My submission of my complete mitogenome sequence .fasta file was in GEDBANK awaiting review during the government shut down. Kept me from getting into a comprehensive study that looked at all K mitogenomes. Fortunately, they did have 3 sequences from my haplotype (K1a4a1c) so at least the group was represented and coorelated in the coalescene estimates. I've posted under the K1a4 thread trying to get K's with T199C, to have the complete sequence taken to try to get other K1a4a1c's identified. So far, no dice; maybe I should have posted it in the K thread instead.
David Powell
dp :-)

Huntergatherer1066
01-14-2015, 01:27 AM
I just submitted my FMS fasta to GenBank, the first time around I accidentally attached the wrong file to the email. Let's see if they accept it this time, I was using these instructions: http://www.ianlogan.co.uk/checker/submission_maker.htm

Little bit
01-14-2015, 05:19 PM
I submitted my FMS in 2013 using Ian Logan's DIY tool and it went without a hitch. You get some spooky sounding questions from the person taking the submission which basically prods you to say you are sure you know what you are doing and really want to do it. I'm very happy I did and see it as a nice legacy to my J1c3i ancestors which may help my J1c3i descendents (and other more distant relatives):
http://www.ncbi.nlm.nih.gov/nuccore/KF600657

Good luck!

vettor
01-14-2015, 06:06 PM
I submitted my FMS in 2013 using Ian Logan's DIY tool and it went without a hitch. You get some spooky sounding questions from the person taking the submission which basically prods you to say you are sure you know what you are doing and really want to do it. I'm very happy I did and see it as a nice legacy to my J1c3i ancestors which may help my J1c3i descendents (and other more distant relatives):
http://www.ncbi.nlm.nih.gov/nuccore/KF600657

Good luck!

I did mine in early 2013 and the main issue is that your data is available for all studies to use forever ..........you cannot stop this once you commit to Genbank .

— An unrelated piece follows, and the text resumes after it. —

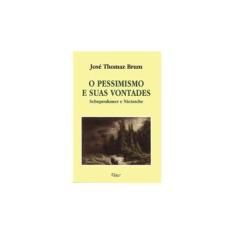 Imagem de Pessimismo E Suas Vontades, O - Jose Thomaz Brum - 9788532509338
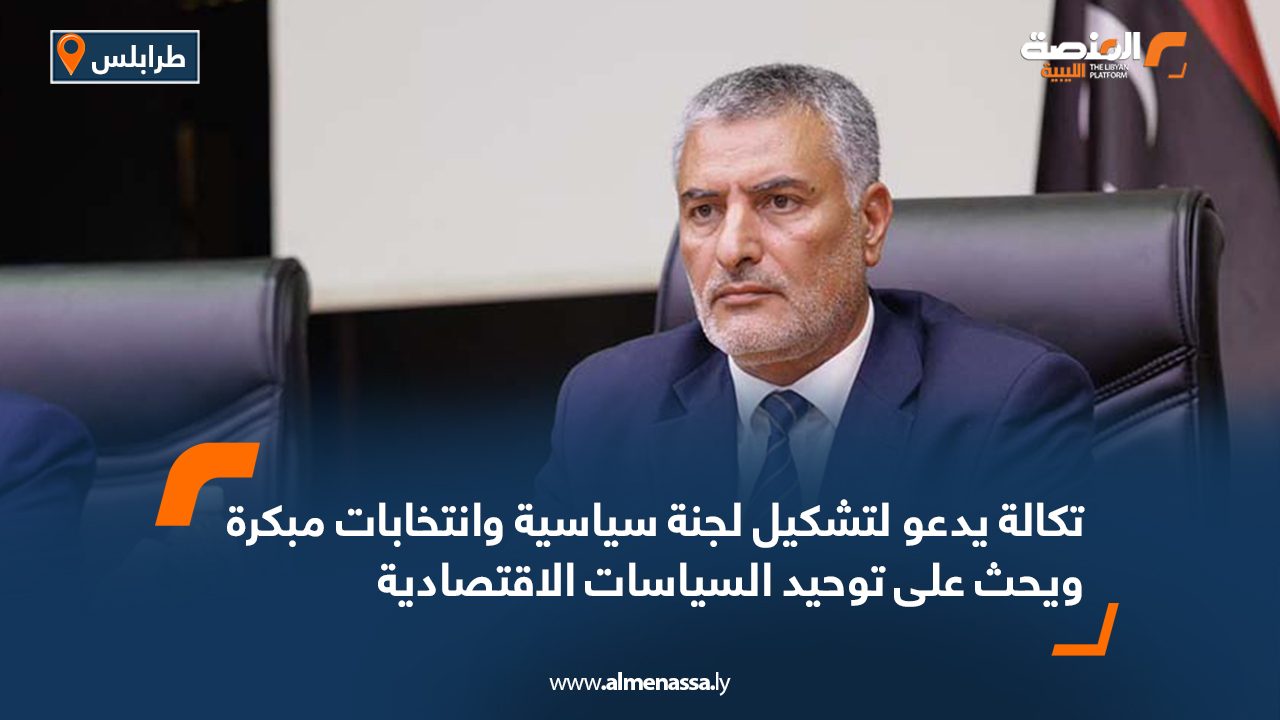 تكالة يدعو لتشكيل لجنة سياسية وانتخابات مبكرة ويحث على توحيد السياسات الاقتصادية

But apart from some correspondence from Ian, I never anything from anyone.

dp
01-14-2015, 07:20 PM
I just submitted my FMS fasta to GenBank, the first time around I accidentally attached the wrong file to the email. Let's see if they accept it this time, I was using these instructions: http://www.ianlogan.co.uk/checker/submission_maker.htm

If a mistake persists, after the sequence is added, try: http://www.ncbi.nlm.nih.gov/Genbank/update.html
It gave a link which I used to change/update my ethnicity from just plain Caucasian.
dp :-)

Huntergatherer1066
01-14-2015, 11:28 PM
If a mistake persists, after the sequence is added, try: http://www.ncbi.nlm.nih.gov/Genbank/update.html
It gave a link which I used to change/update my ethnicity from just plain Caucasian.
dp :-)

Thanks for the tip. So far so good though, the first time around I accidentally attached the .txt version of the fasta instead of the .sqn verison.

Petr
01-15-2015, 12:30 AM
Does anybody know if this way of mtDNA submission to NCBI still works?

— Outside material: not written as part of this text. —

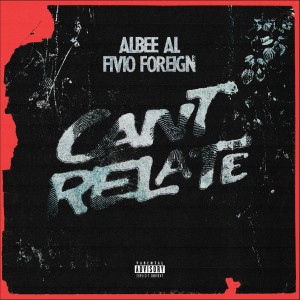 Fivio Foreign的專輯Can't Relate (Explicit)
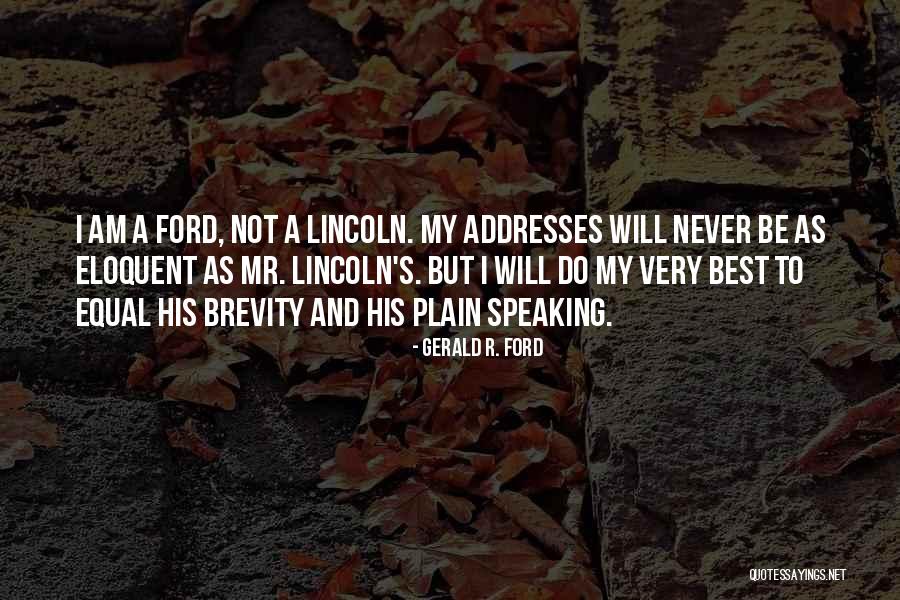 Lincoln's Quotes By Gerald R. Ford Lincoln's Quotes By Gerald R. Ford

https://my.familytreedna.com/personal-survey.aspx

vettor
01-15-2015, 12:59 AM
Does anybody know if this way of mtDNA submission to NCBI still works?

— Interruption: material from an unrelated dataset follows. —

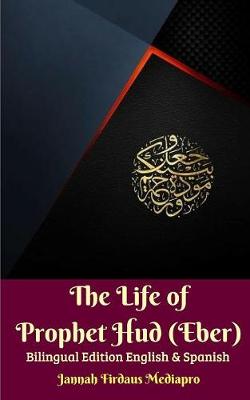 Book cover for The Life of Prophet Hud (Eber) Bilingual Edition English And Spanish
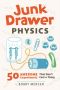 Junk Drawer Physics · 50 Awesome Experiments That Don't Cost a Thing (Junk Drawer Science)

https://my.familytreedna.com/personal-survey.aspx

for me , that way did not work

i got access via ian Logan site and also got help from James Lick

BTW, it took 6 months for mine to be done

Huntergatherer1066
01-24-2015, 12:24 AM
My submission is searchable on GenBank as of today, so I guess that makes for a 10 day turn around for anyone keeping track.

Huntergatherer1066
04-24-2015, 04:50 PM
This is more just to keep track for myself but I just submitted my father's FMS, he is an H13a1a1a so much more common than myself, but he has no exact matches in the FTDNA database so he may still be useful.

Baltimore1937
04-24-2015, 06:45 PM
PhyloTree uses me as an example on their chart, for all to see. So I hope FTDNA did an accurate test for me (and for science).